• Exercise: Copy word for word the lines of the records below, beginning at the one with "Apple iPhone 14" and finishing at the one with "<Porabella現貨>韓版髮圈 法式高級感 奶油質感緞面大腸髮圈", ends included, but none of the pictures.

• Records shown:
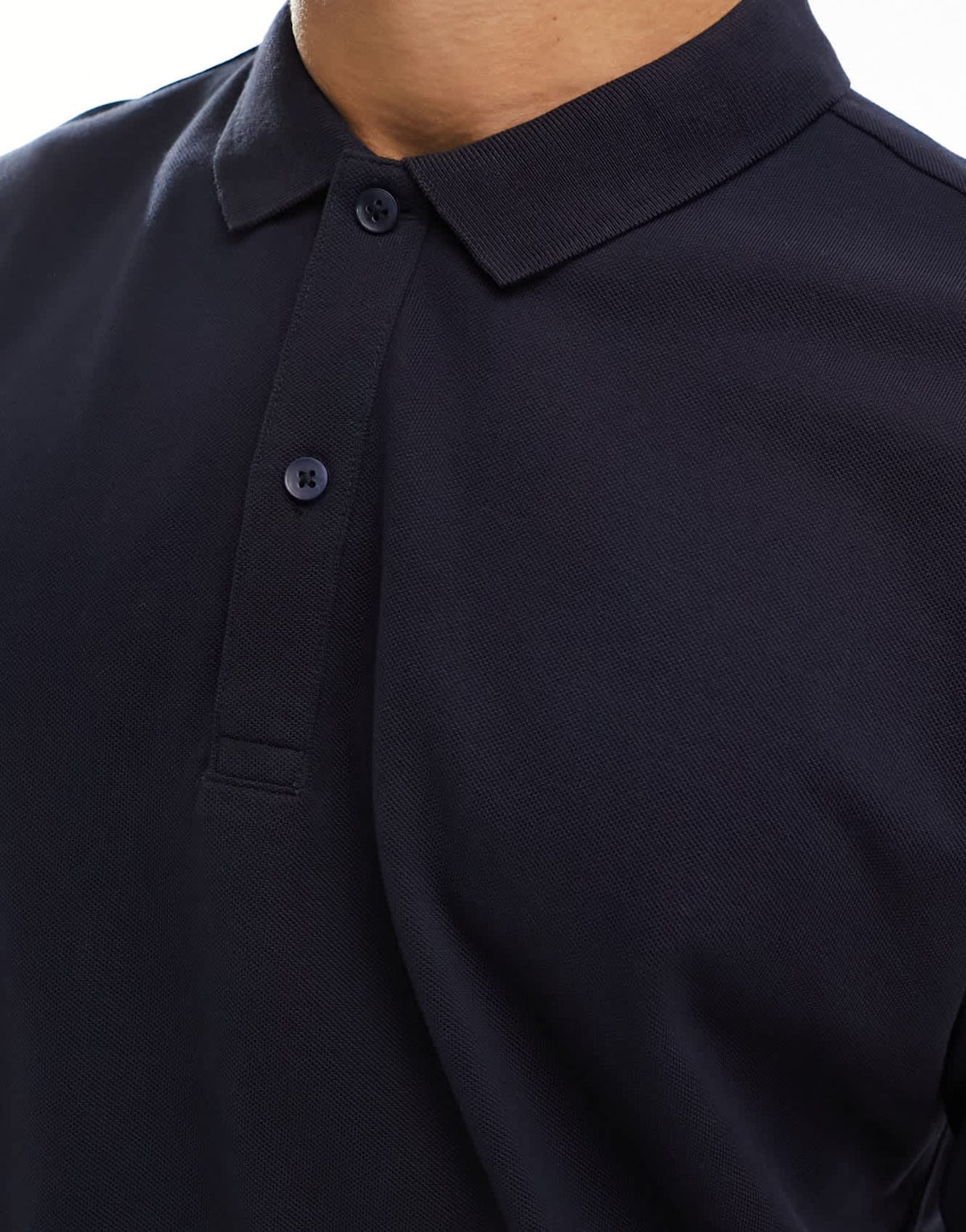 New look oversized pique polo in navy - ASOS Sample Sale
---
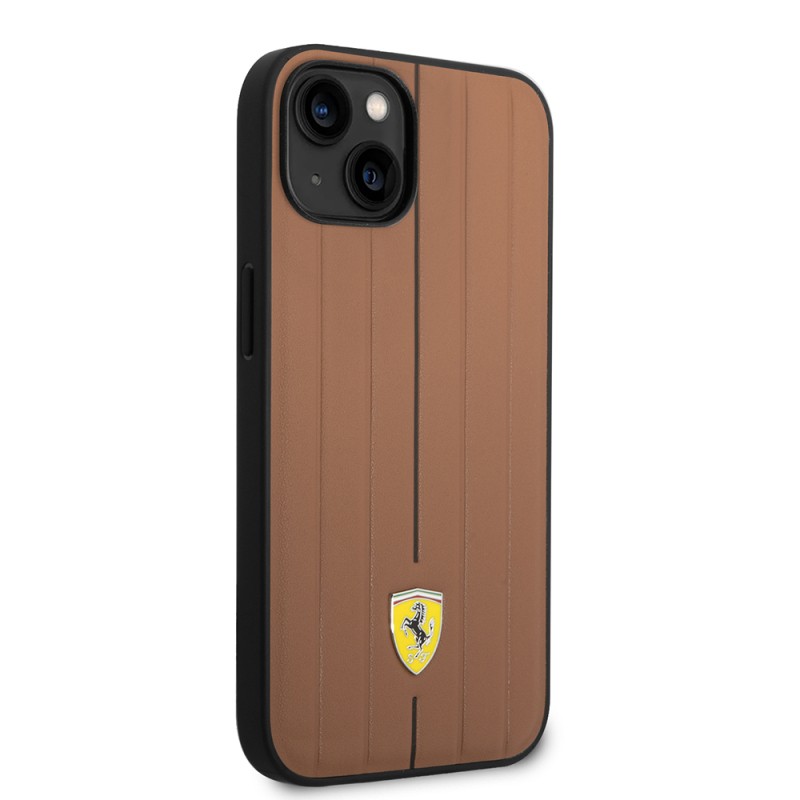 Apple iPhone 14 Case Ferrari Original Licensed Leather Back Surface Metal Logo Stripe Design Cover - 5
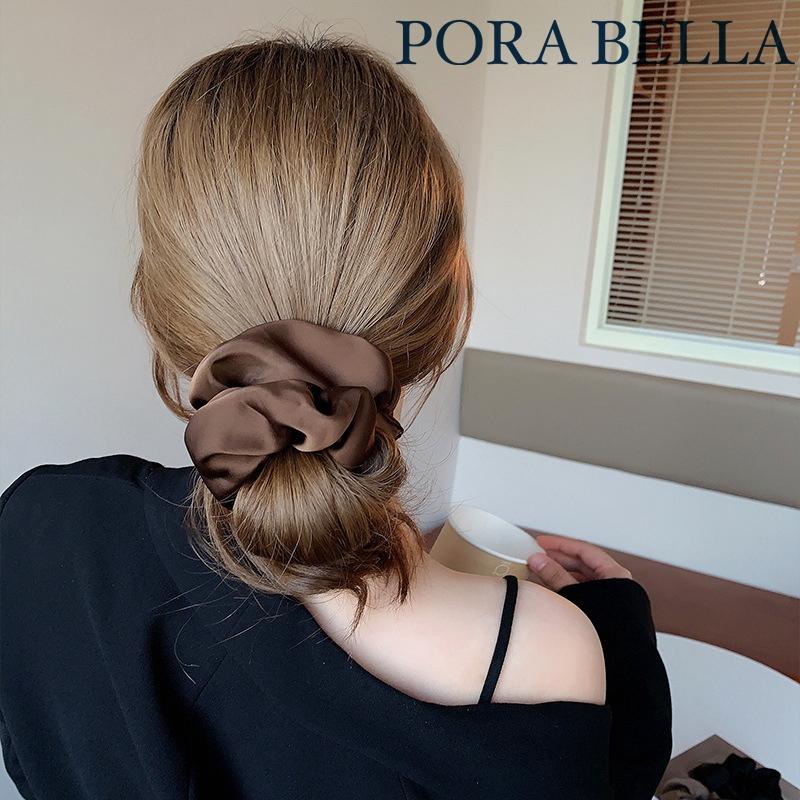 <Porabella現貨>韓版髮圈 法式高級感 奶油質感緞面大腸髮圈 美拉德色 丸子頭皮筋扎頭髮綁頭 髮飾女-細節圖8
---
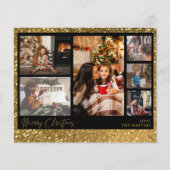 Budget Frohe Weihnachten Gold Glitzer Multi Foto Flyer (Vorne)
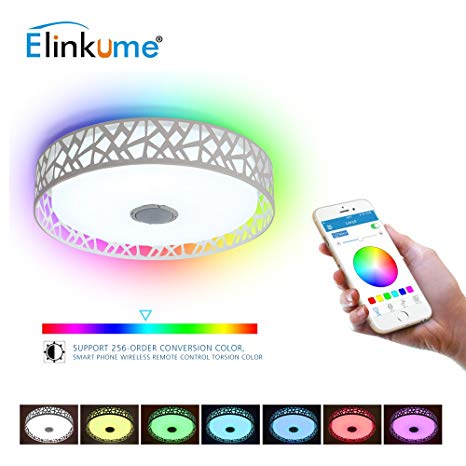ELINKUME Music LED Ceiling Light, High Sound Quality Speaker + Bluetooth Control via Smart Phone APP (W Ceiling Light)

• Result for this exercise:
 Apple iPhone 14 Case Ferrari Original Licensed Leather Back Surface Metal Logo Stripe Design Cover - 5
 <Porabella現貨>韓版髮圈 法式高級感 奶油質感緞面大腸髮圈 美拉德色 丸子頭皮筋扎頭髮綁頭 髮飾女-細節圖8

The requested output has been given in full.